But then: on comes a song like nothing I'd heard before. A majestic symphony of drums, guitars, and saxophone. Incandescent lyrics of young love and desperate hopefulness. My heartrate spiked, and I truly believe all the illness was flushed from my body within the four and a half minutes song duration. After it was over, I arose from my bed, feeling fine.

The song was Born to Run. And I had been healed by a guy named Bruce Springsteen.

So I was kind of a natural reader of this book, and I got it as a Christmas gift. Not slim, at 500 pages of main text, and I took my time reading it.

Compared to the other celebrity memoirs I've read, this one falls in between "just the facts in chronological order" (e.g, Clapton) and a consciousness-stream of impressions and interactions (e.g., Dylan's Chronicles). Bruce is big on YELLING IN UPPERCASE sometimes with EXCLAMATION POINTS! And he often overwrites, lapsing into colorful and wacky prose about his artistic influences and opinions. Fine. But I'll also say: sometimes he is, to my ear, exactly on target: when he writes about his parents, or getting stuck in a mountain-pass blizzard while crossing the Rockies on his way to California. You are there with him.

I read these memoirs, I think, because I'm looking for some clue about the secrets of creative genius and talent. So far I've failed, and Bruce's book is not an exception. The common thread seems to be pretty pedestrian: work hard, learn from your musical heroes without copying them, keep your eyes on the prize, practice.

Oh yeah: you also might want to get a good accountant (so you don't get in trouble with the IRS) and have an honest lawyer check on those contracts your manager wants you to sign. Two things Bruce didn't do.

Bruce is relentlessly honest, while being nothing less than gracious to bandmates, family members, managers, etc., even when (maybe especially when) the underlying relationship was contentious.
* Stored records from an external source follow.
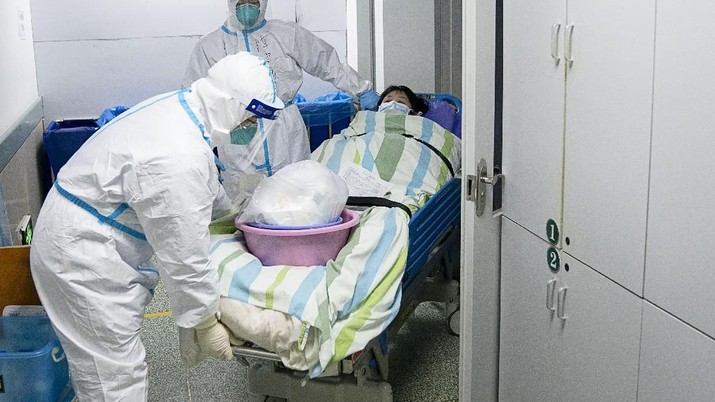 In this Friday, Jan. 24, 2020, photo released by China's Xinhua News Agency, a medical workers transfer a patient out of the intensive care unit at Zhongnan Hospital of Wuhan University in Wuhan in central China's Hubei Province. China expanded its lockdown against the deadly new virus to an unprecedented 36 million people and rushed to build a prefabricated, 1,000-bed hospital for victims Friday as the outbreak cast a pall over Lunar New Year, the country's biggest, most festive holiday. (Xiong Qi/Xinhua via AP)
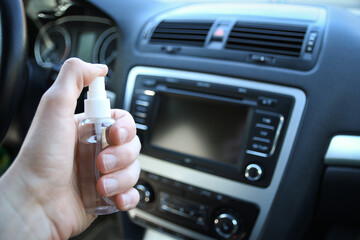 Cleansing car interior and spraying with disinfection liquid. Disinfection of the steering wheel and handles of the car. Coronavirus protection. Virus protection .Disinfecting vihicle inside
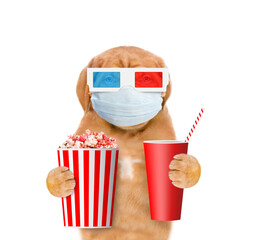 Puppy wearing medical mask holds bucket of popcorn and cola during the coronavirus epidemic....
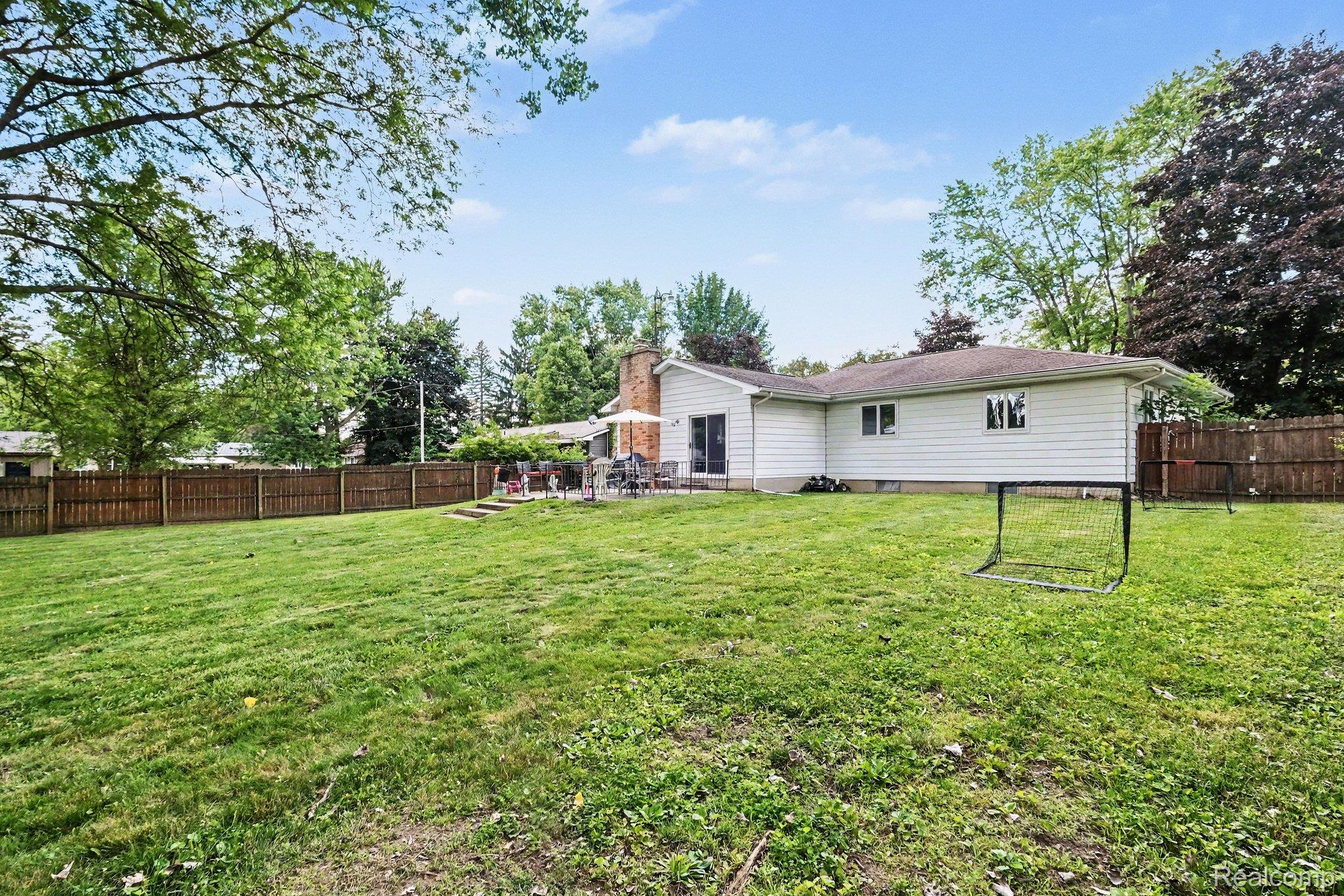5449 South Genesee Road Grand Blanc, MI 48439 - Photo 17 of 18 Expansive backyard featuring a manicured lawn, a full privacy fence, mature trees, a patio, and exterior siding
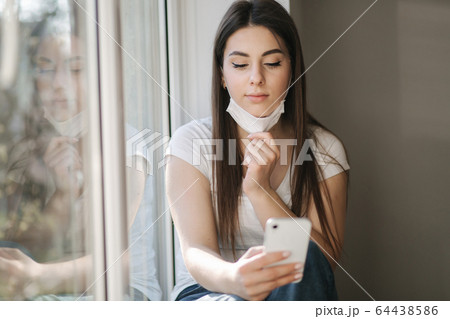 Young Woman take off protective mask and use smartphone. End of quarantine. Coronavirus theme 64438586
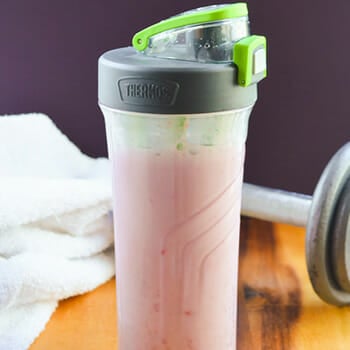 Close up shot of pink protein powder on a table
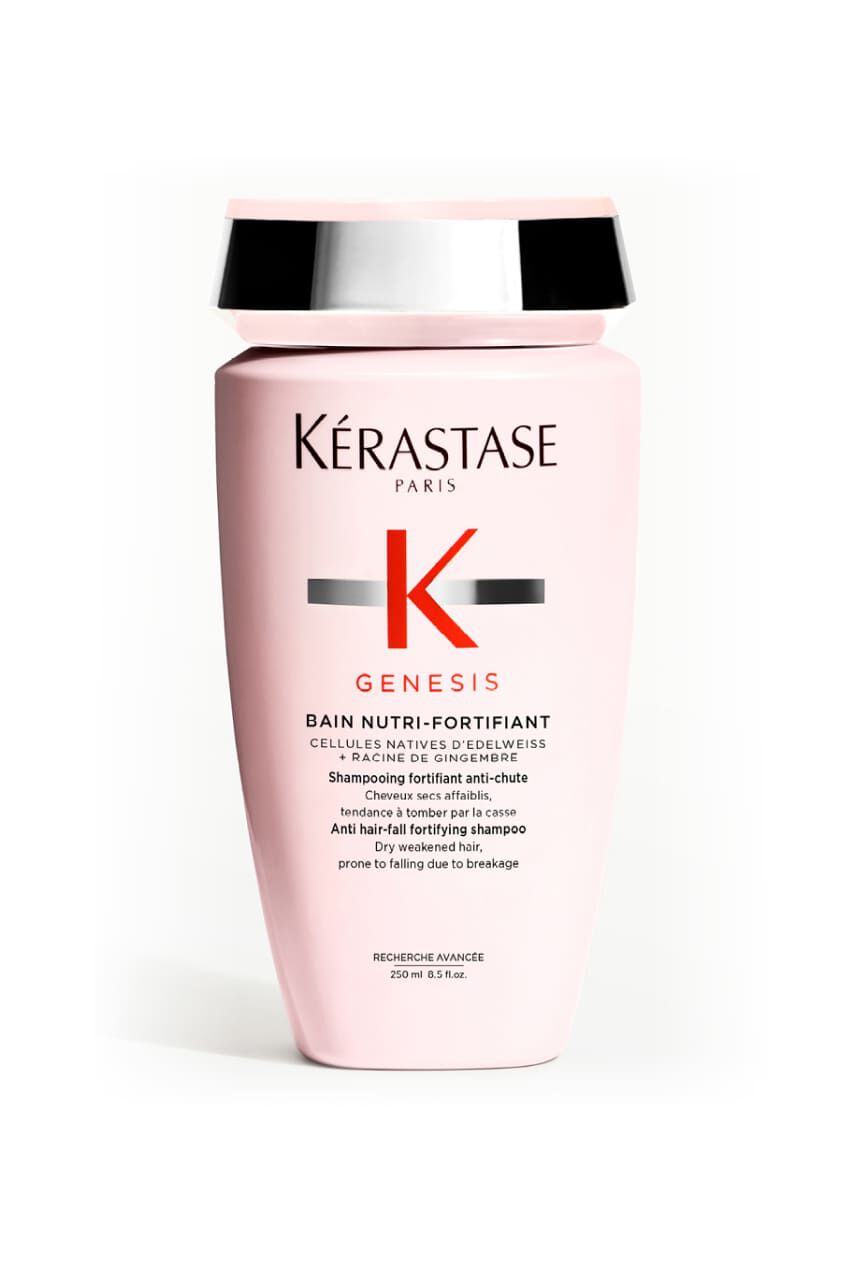 Flacon rose opaque de shampooing Kerastase Genesis Bain Nutri-Fortifiant pour cheveux secs et affaiblis.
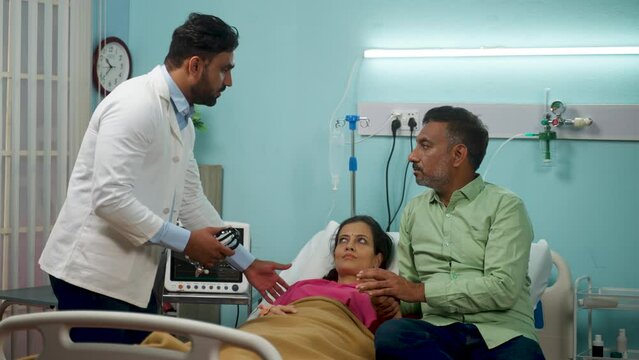 Indian doctor speaking with patients husband about medical condition at hospital ward - concept of professional advice, discussion and comforting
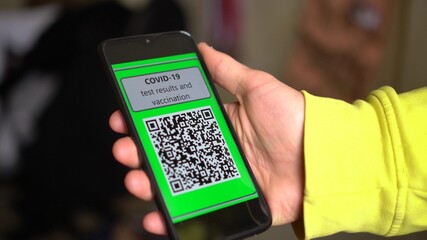 QR code app during Coronavirus pandemic. COVID-19 Test Results on the smartphone screen. Data on movement, contacts with infected, crossing the state border, the presence of antibodies, vaccination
Even though his personal politics are annoyingly left-wing, his professional dealings with his bandmates are hard-nosed; you might call him a benevolent dictator, but the "benevolent" bit is kind of a stretch. (There's a telling and funny anecdote about how he responded to one of the E Streeters asking for a raise.)

One surprising anecdote: Bruce became buddies with fellow Garden Stater Frank Sinatra. Did not see that coming. In fact, he and wife Patti were invited to the Chairman's 80th birthday bash. And there: "Sometime after dinner, we find ourselves around the living room piano with Steve [Lawrence] and Eydie Gorme and Bob Dylan."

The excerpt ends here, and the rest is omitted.